- [Exercise brief]
With the pictures excluded, output only the lines from the one containing "Image of Gold" through the last line of the entries, unchanged.

Image-text web data:
+++

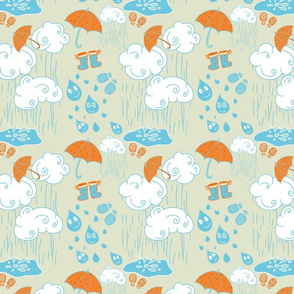 summer rain love clouds with orange umbrellas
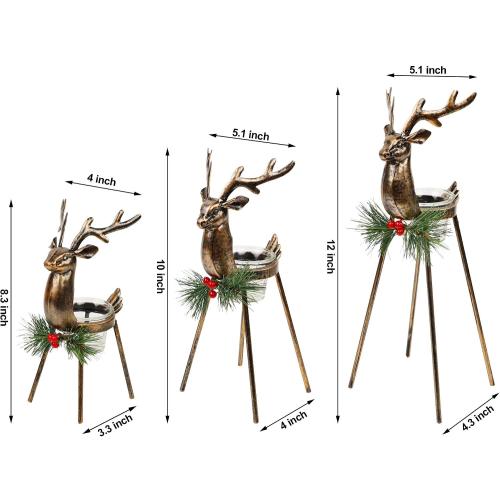 Juegoal Set of 3 Reindeer Tealight Candle Holders, Standing Iron Metal Christmas Decorations, Glass Votive Candle Holder, Durable and Rust-Proof Holiday Tabletop Centerpiece and Display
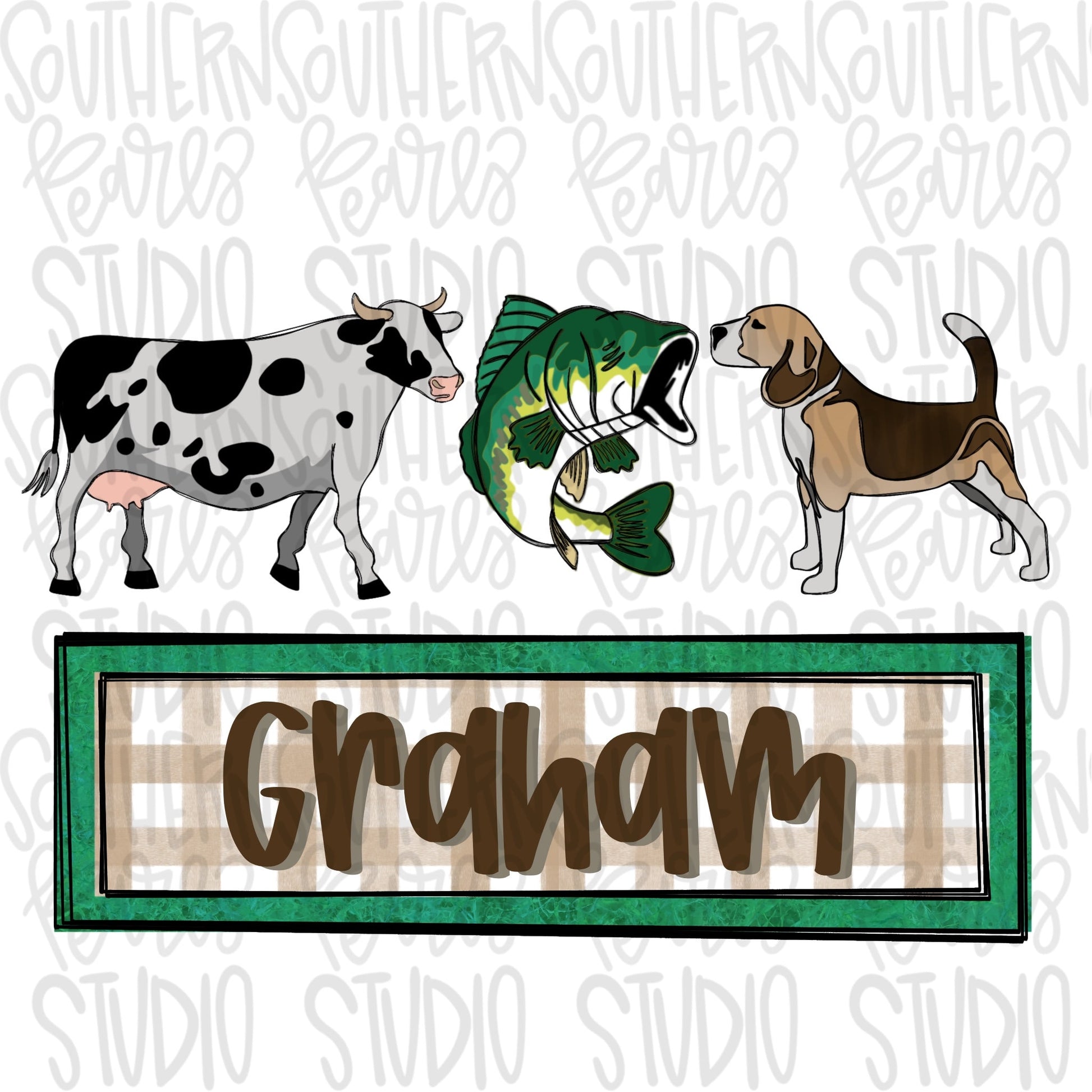 Bass, Cow and Beagle name plate | Sublimation Design | Digital Download | Women’s, Kids Shirt PNG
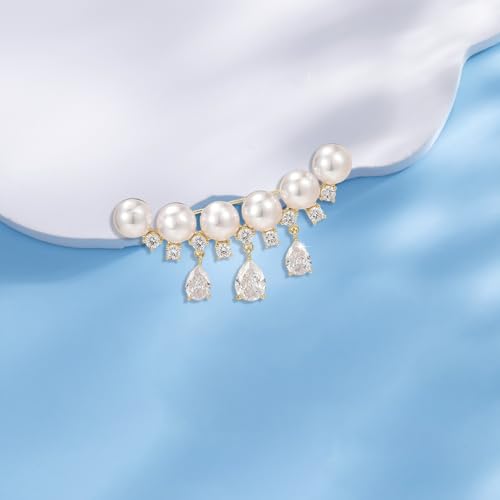 Image of Gold Crystal Flower Wreath Brooches for Womne Elegant Rhinestone Pearl Floral Brooch Pins Fashion Jewelry Brooch pin Accessories for Women Gift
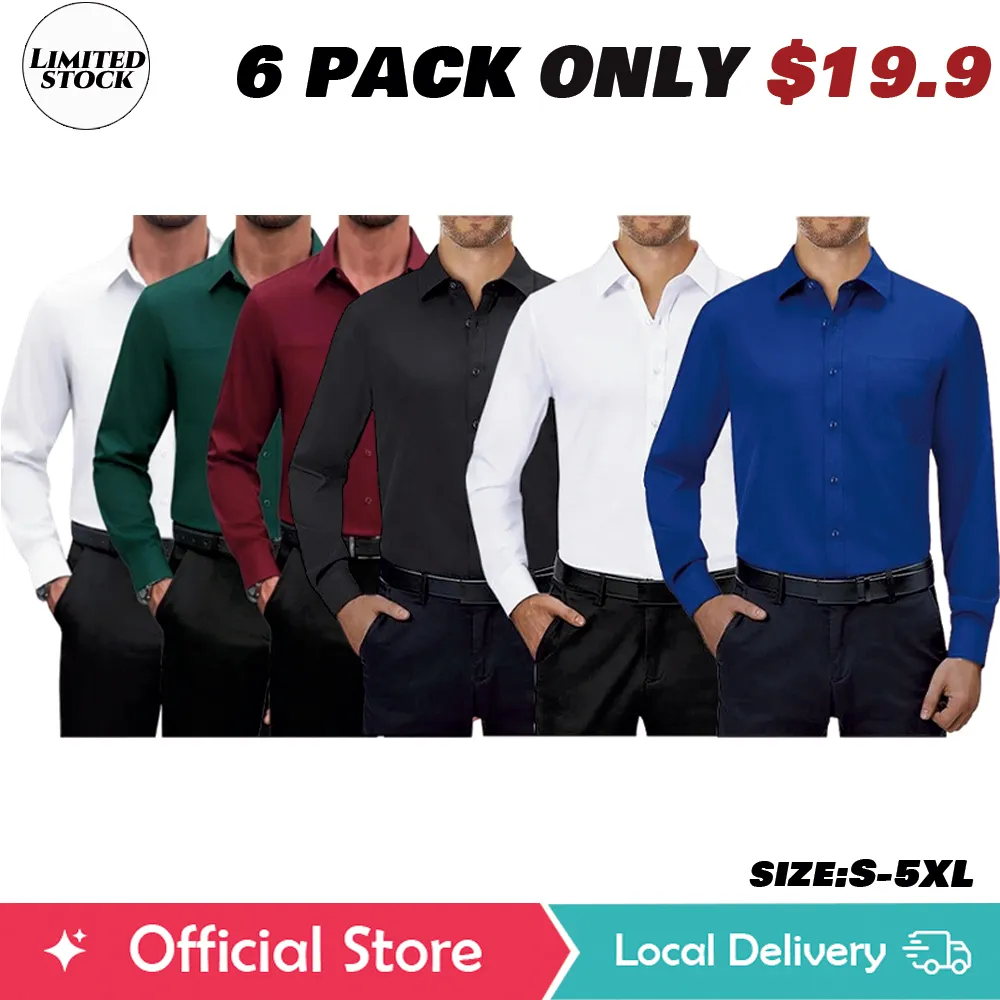 3/6-Pack Men'S Dress Shirts 4-Way Stretch Long Sleeve Collared Solid Wedding Dating Button Down Shirts Casual Breathable Outfits Menswear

+++

- [Answer box]
 Image of Gold Crystal Flower Wreath Brooches for Womne Elegant Rhinestone Pearl Floral Brooch Pins Fashion Jewelry Brooch pin Accessories for Women Gift
 3/6-Pack Men'S Dress Shirts 4-Way Stretch Long Sleeve Collared Solid Wedding Dating Button Down Shirts Casual Breathable Outfits Menswear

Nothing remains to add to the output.